The climatic chaos and its resultant agricultural failures appear to have had two immediate political consequences. First, the emperor of southern China tried to invoke the powers of heaven to improve the situation.³ He decided that he personally would carry out the state’s major annual agricultural religious ritual, the ceremonial plowing of the imperial wheat field.

In this ritual, in March the emperor personally plowed the first furrow in the field. The three highest governmental officials then did the next nine furrows (three each), followed by other top officials, who did five each. Selected commoners did the rest. The ritual plowing was preceded by a grain offering to a Chinese-style agriculture god, the Divine Husbandman, who they believed had long ago given the knowledge of agriculture to the Chinese people.

The imperial plowing ritual had fallen into disuse for most of the fifth century and was performed only infrequently in the first third of the sixth century. Then in 535 climatic disaster and crop failure seem to have forced the southern authorities to make it an annual ritual, and it was held each year from then until 541, excepting 539. They had to be seen by the population to be doing something to remedy a situation in which tens of thousands of people—perhaps even hundreds of thousands—were dying.

The second political consequence of the famine was far more serious. The crop failures and the result of social dislocation and poverty undermined the economy of the southern Chinese state. The tax system virtually collapsed, presumably because there was no surplus wealth to collect. The 538 tax amnesty—introduced in twelve provinces because of famine deaths—was repeated in 541, but this time throughout southern China and for a period of five years. After that it was extended three more times, until 551.
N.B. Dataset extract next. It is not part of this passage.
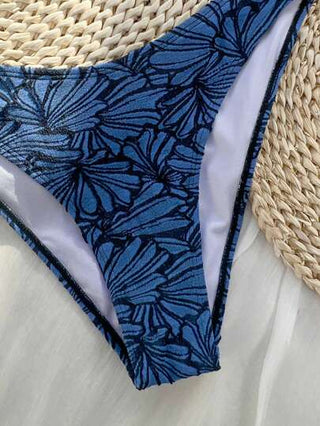 Swim Mod بكيني سيدات 2 قطعة بحمالات رفيعة مزين بمعدن، قماش بملمس صيفي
The initial reason for the collapse of the tax system was certainly the poverty caused by the famine, but other related causes lay behind the constant renewal of the amnesty. As poverty persisted and the lack of tax revenue destroyed the government’s ability to rule effectively, popular revolts began to break out.
4
Three are known—one ethnic, one probably partly religious, and one political—but there were probably others of which no record survives.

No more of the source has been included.